In a victory for the Trump administration, U.S. District Judge Dabney Friedrich rejected a preliminary injunction sought by nonprofit organizations. They contended that undocumented immigrants who fulfill tax obligations should have the same privacy rights as U.S. citizens and legal immigrants.
Friedrich, who was appointed by President Donald Trump, had previously refused to grant a temporary order in the case.
This ruling follows the resignation of former acting IRS commissioner Melanie Krause less than a month ago, who left amid controversy over the arrangement permitting ICE to send immigrants’ names and addresses to the IRS for verification with tax records.
The IRS has been in upheaval over Trump administration decisions to share taxpayer data.

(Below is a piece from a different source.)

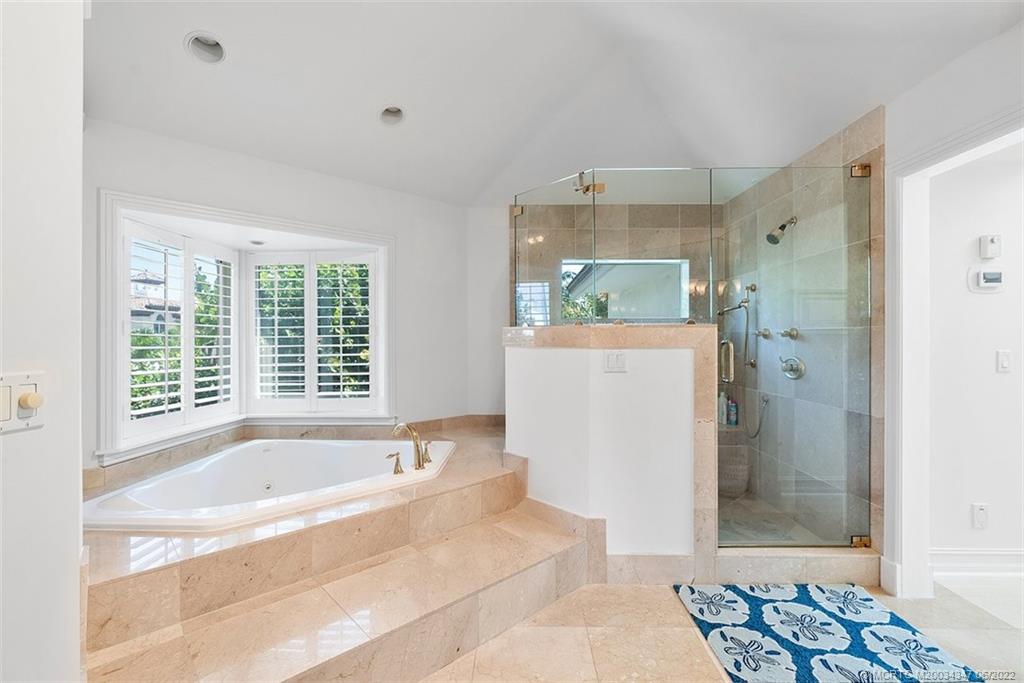 2421 Bahia Way Stuart, FL 34996 - Photo 17 of 83 a spacious bathroom with a bathtub and a shower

A previous acting commissioner announced his retirement earlier amid a furor over Elon Musk’s Department of Government Efficiency gaining access to IRS taxpayer data.
The Treasury Department says the agreement with ICE will help carry out President Donald Trump’s agenda to secure U.S. borders and is part of his larger nationwide immigration crackdown, which has resulted in deportations, workplace raids and the use of an 18th century wartime law to deport Venezuelan migrants.
The acting ICE director has said working with Treasury and other departments is “strictly for the major criminal cases.”
Advocates, however, say the IRS-DHS information-sharing agreement violates privacy laws and diminishes the privacy of all Americans.